Converting Separate Maintenance to Divorce
Converting a separate maintenance case to divorce is simple while the case is pending but complicated after judgment. While the separate maintenance action is open, either spouse can ask the court to proceed as a divorce; under Mich. Comp. Laws § 552.7, if the defendant files a counterclaim for divorce, the court must grant the divorce rather than separate maintenance. After a final judgment, however, Michigan requires filing a brand-new divorce action.
This is an important distinction from some other states that allow a simple motion to convert a finalized separation into a divorce. In Michigan, once a separate maintenance judgment is entered, there is no streamlined conversion; the spouse seeking divorce must start a fresh case and pay a new filing fee. The court may adopt the existing separate maintenance orders, which can preserve the prior property and support arrangements, but it is not automatically bound by them, and the new filing can reopen certain issues. One practical benefit is that the groundwork laid in the separate maintenance case—financial disclosures, parenting plans, and negotiated terms—often carries over and can speed the later divorce. The counterclaim rule also means a person cannot unilaterally force a spouse to remain merely separated; if either party wants a full divorce, Michigan law ultimately allows the divorce to proceed.
Which Option Is Right for You?
Choose separate maintenance if you need to preserve health insurance, retain marital-status benefits, or have religious objections to divorce while still legally dividing property and arranging support. Choose divorce if you want to legally end the marriage, remarry in the future, or achieve a clean financial break. Both cost $175-$255 to file in 2026 and follow the same 60-day or 6-month waiting periods.
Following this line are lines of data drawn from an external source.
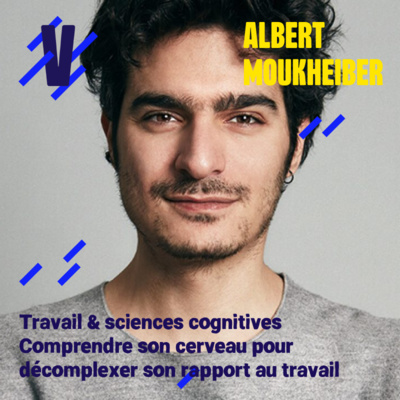 Comprendre son cerveau pour décomplexer son rapport au travail - Albert Moukheiber, chercheur en neurosciences cognitives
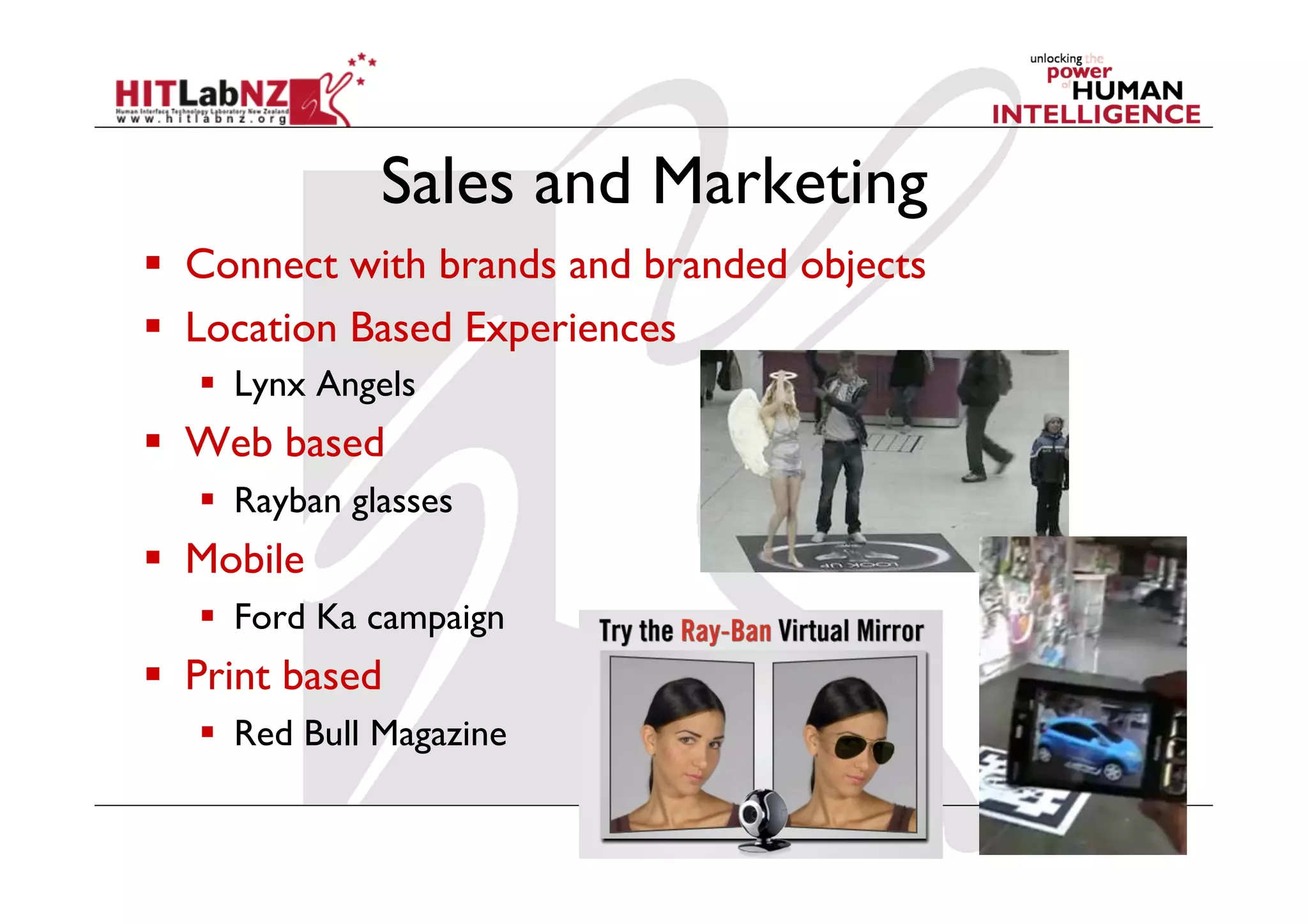 Sales and Marketing
  Connect with brands and branded objects
  Location Based Experiences
     Lynx Angels
  Web based
     Rayban glasses
  Mobile
     Ford Ka campaign
  Print based
     Red Bull Magazine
The decision turns less on cost or procedure—which are nearly identical—and more on the desired end state of the marriage. Separate maintenance suits couples who want full legal resolution of property, debt, custody, and support but have a concrete reason to stay married, most often health insurance or Social Security spousal benefits. Divorce suits couples who want finality and the freedom to remarry. Be aware that separate maintenance offers no faster timeline, no lower filing fee, and no escape from the 180-day residency rule. Because either spouse can convert a pending separate maintenance case into a divorce by counterclaim, a person who wants to remain only separated cannot guarantee that outcome if the other spouse insists on divorce. Given how consequential—and often final—the property decisions are, consult a licensed Michigan family law attorney and your insurer before deciding.